» **TASK TO COMPLETE**
Only one stretch of the material below is wanted: everything from the line containing "LucineArias online show from 10.21.25" down to the line containing "used 2025 Lexus", both ends included. Repeat it exactly and skip the pictures.
_ _ _ _ _ _ _
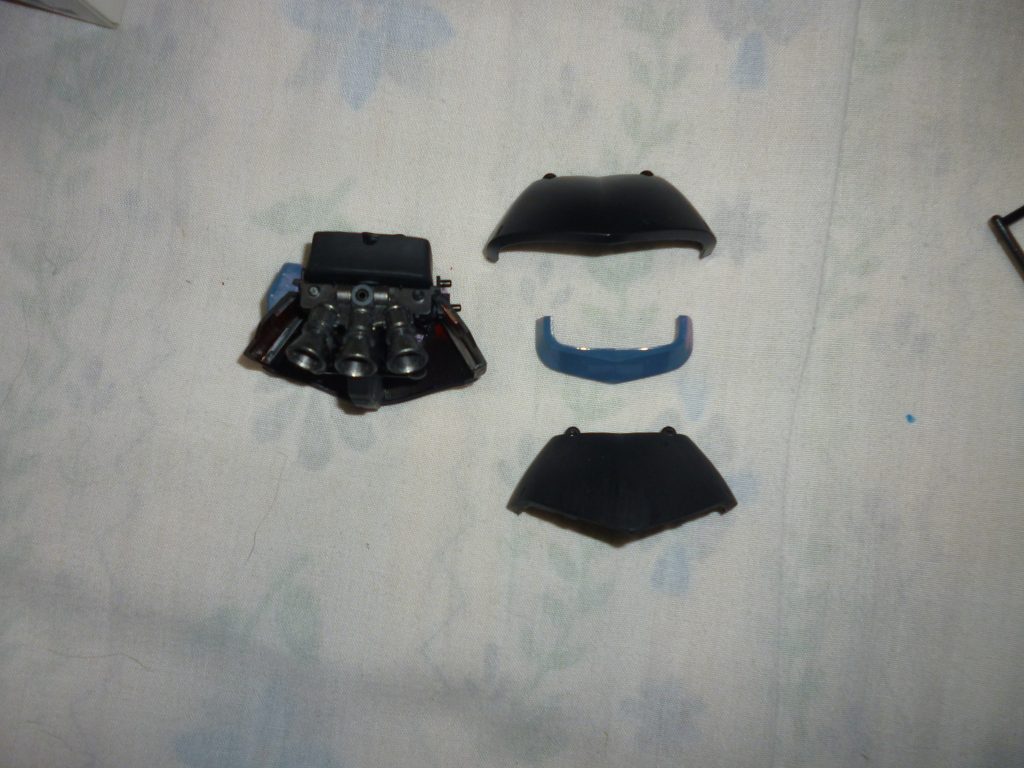 リアスカート、ビフォーアフターです。上ががもともとの陸戦用パーツ、下がリックドム用のスカートになります。「スカート付き」と呼ばれる所以ですね。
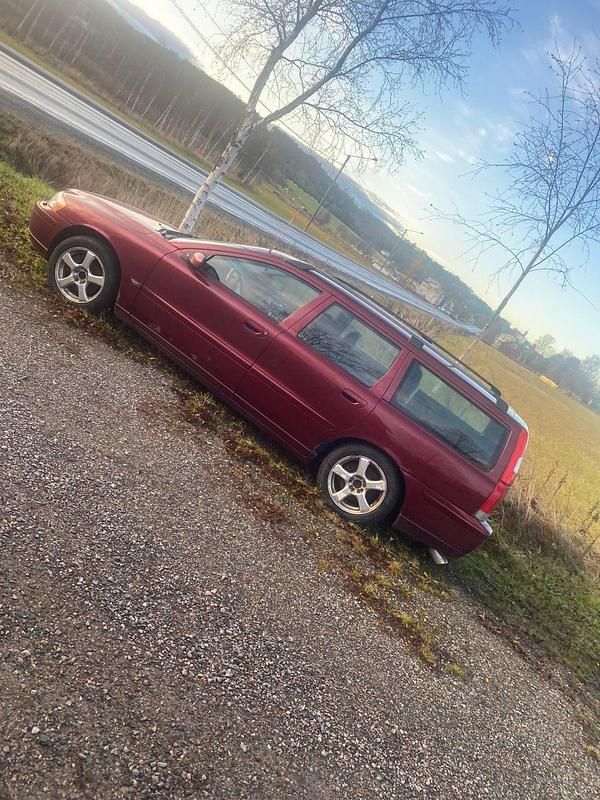 Begagnad 2005 Volvo V70 Kombi | 9 000 kr (Superpris) - Bild 1/4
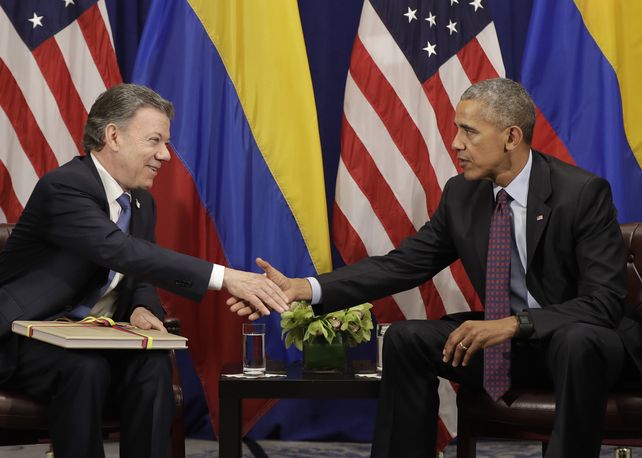Proceso de paz. Tras presentar el documento firmado con las Farc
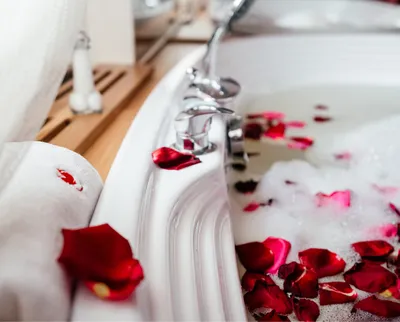 Garden hotel Bishkek - ❤️Когда хочется романтики или хотите удивить любимую  девушку, оригинальное оформление из лепестков роз порадует и вызовет  восхищение! Украшения лепестками роз понравится не только романтичной леди,  но и всем,
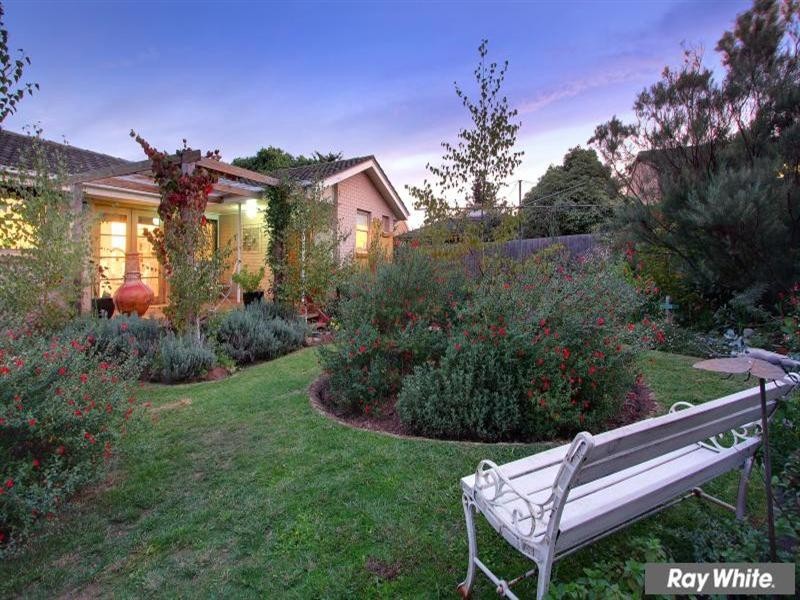13 Warrah Street, Mornington VIC 3931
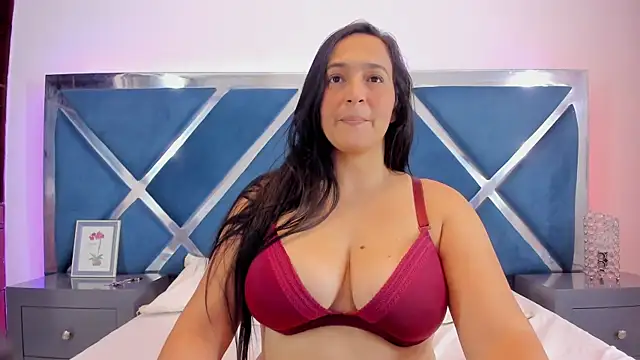 LucineArias online show from 10.21.25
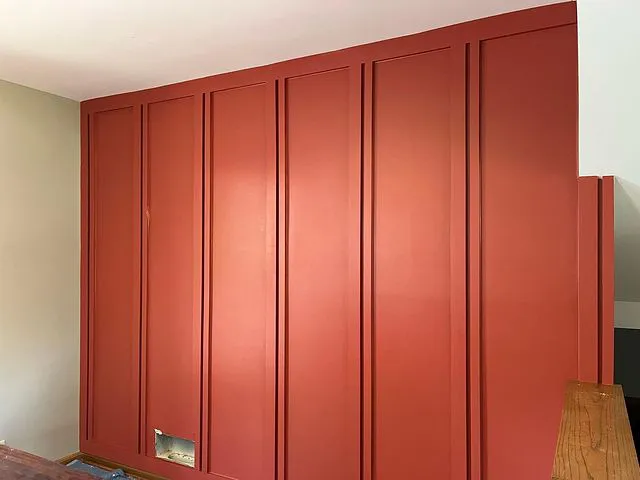 Sherwin Williams 6320 Bravado Red в интерьере фото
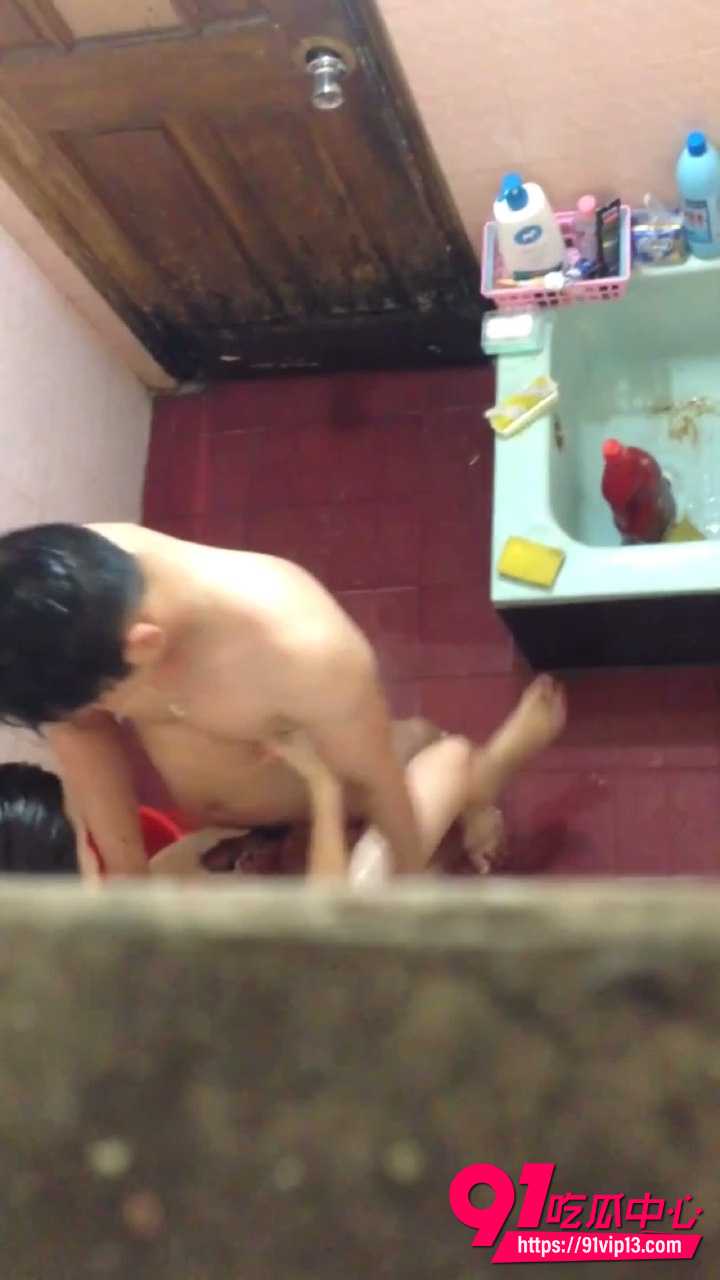 小情侣洗澡被偷拍6
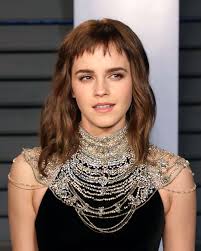 Ecco le tendenze capelli estate in. Frangia Corta Capelli Lunghi 20 Ispirazioni Vogue Italia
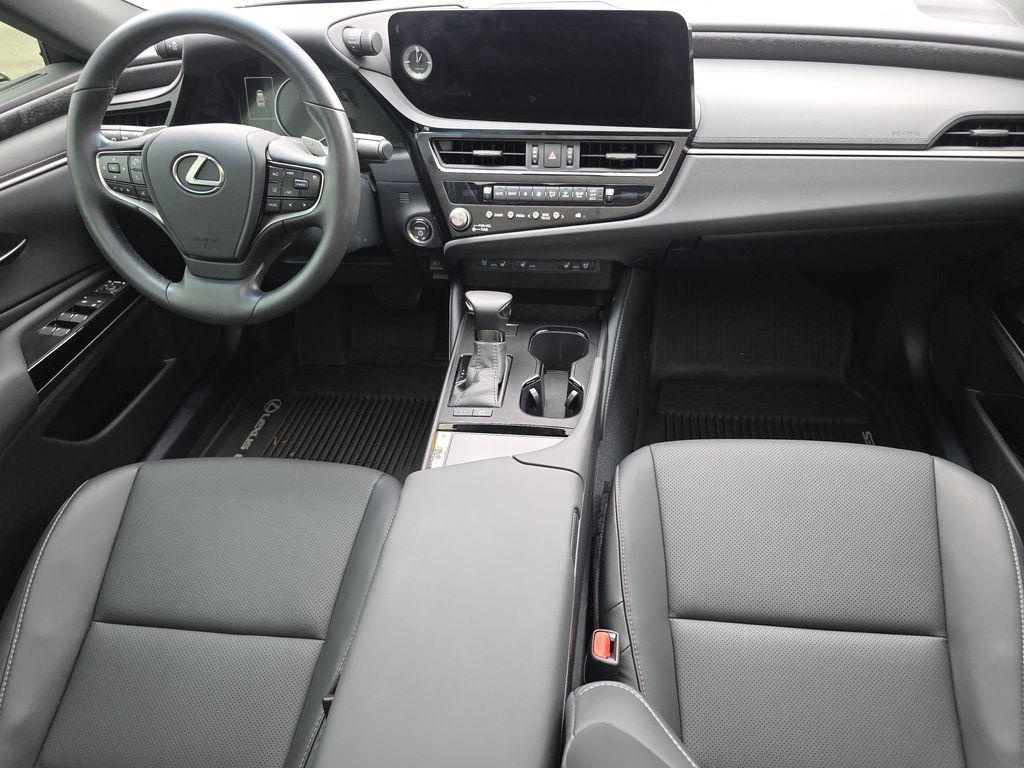 used 2025 Lexus ES 300h car, priced at $41,900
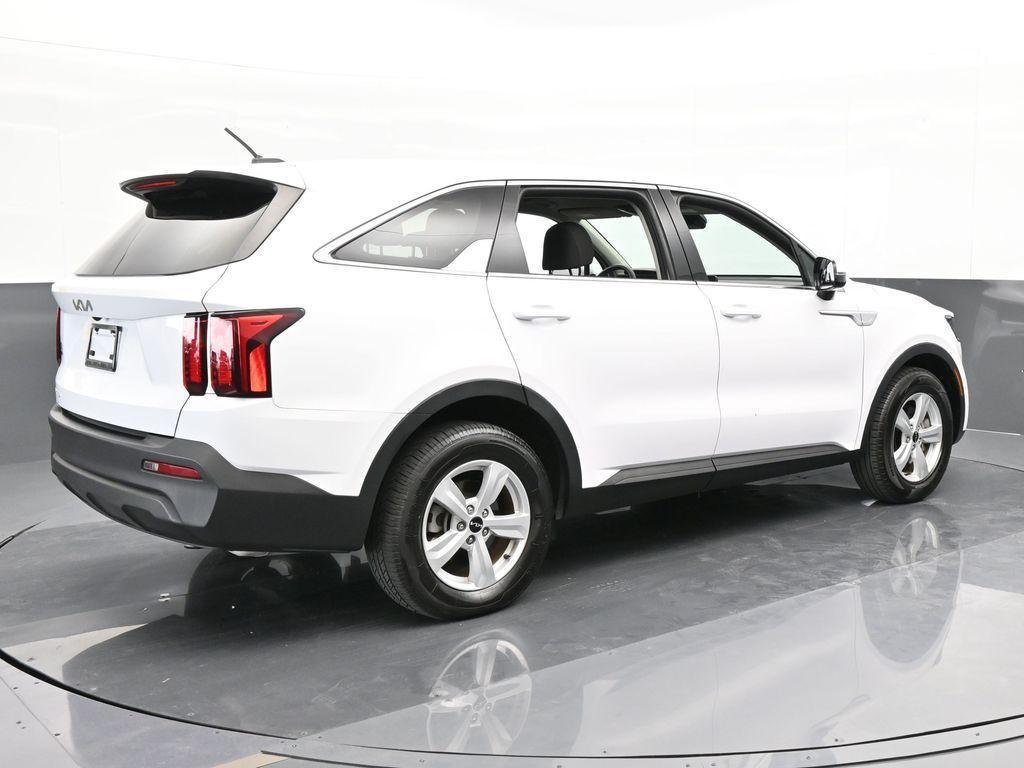 used 2023 Kia Sorento car, priced at $21,951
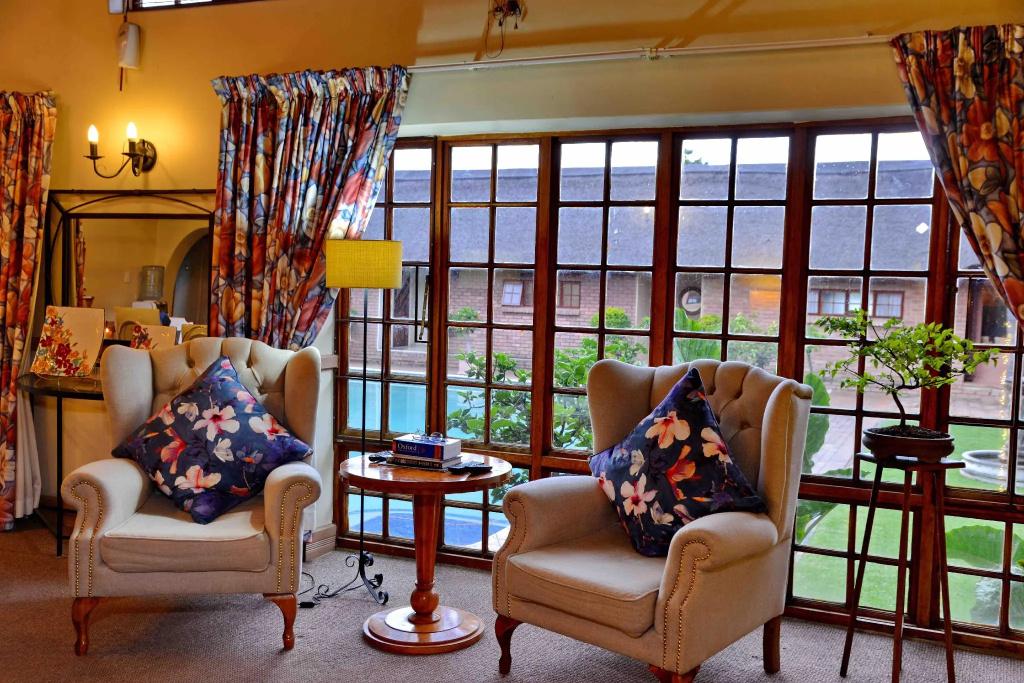 Owls Loft Guesthouse - главное фото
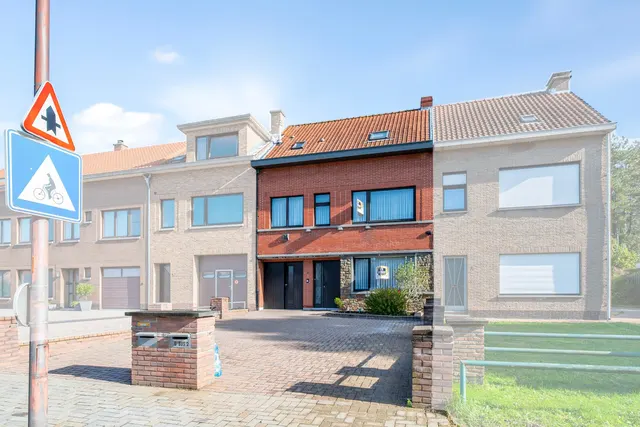 Woning for sale in Sint-Niklaas – 1/10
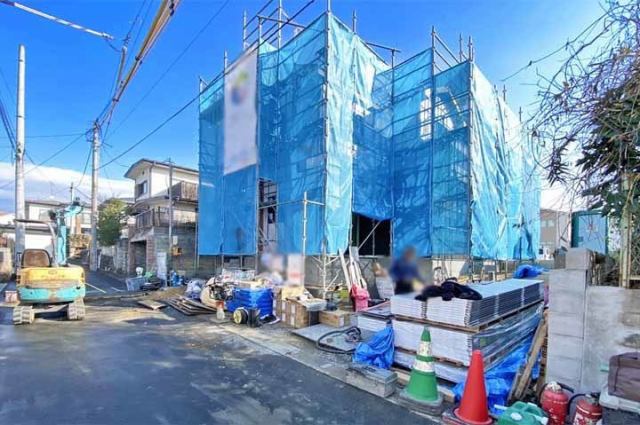 1・2階に便利な廊下収納完備！現地（2025年12月）撮影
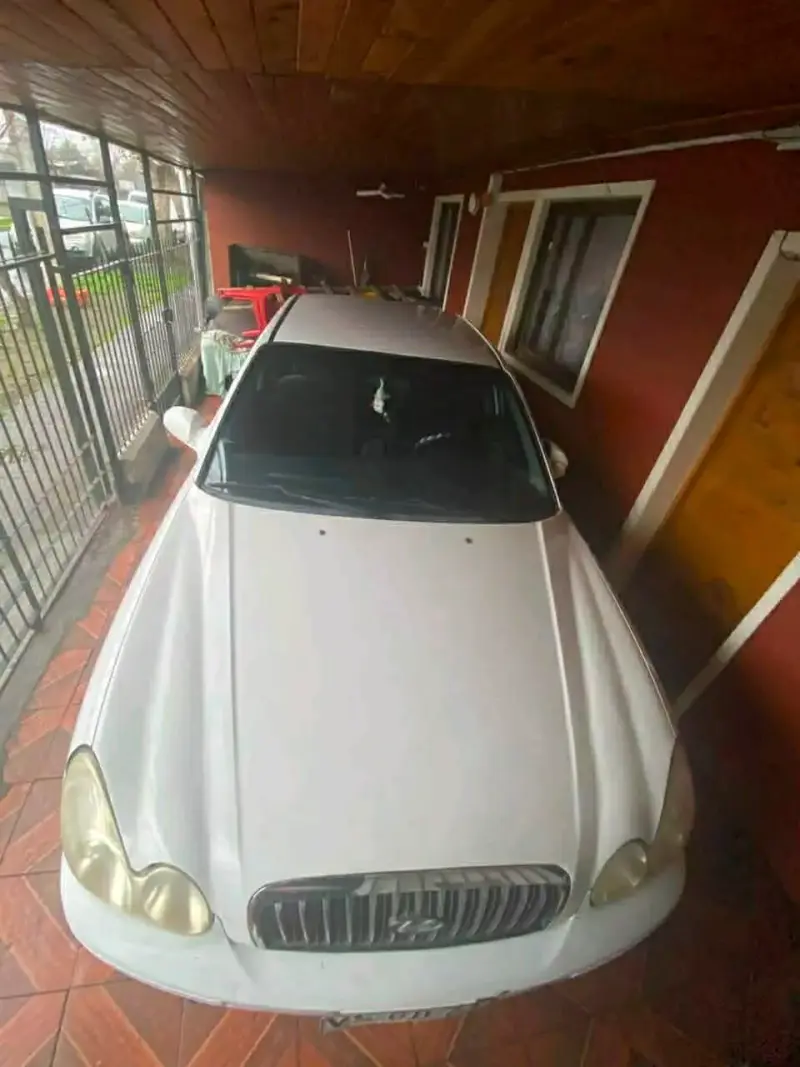 Auto sedán blanco en buen estado - 3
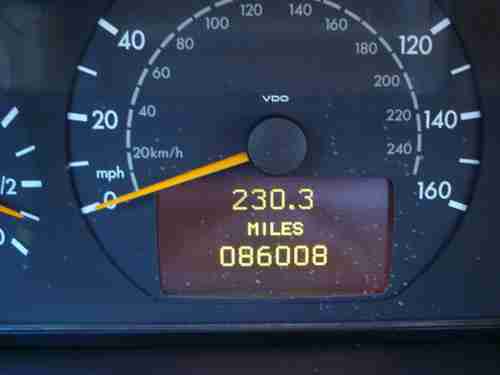 2001 Mercedes-Benz E430 4Matic Sedan 4-Door 4.3L - CLEAN CAR - LOW MILES, image 12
_ _ _ _ _ _ _
» **WRITTEN SOLUTION**
 LucineArias online show from 10.21.25
 Sherwin Williams 6320 Bravado Red в интерьере фото
 小情侣洗澡被偷拍6
 Ecco le tendenze capelli estate in. Frangia Corta Capelli Lunghi 20 Ispirazioni Vogue Italia
 used 2025 Lexus ES 300h car, priced at $41,900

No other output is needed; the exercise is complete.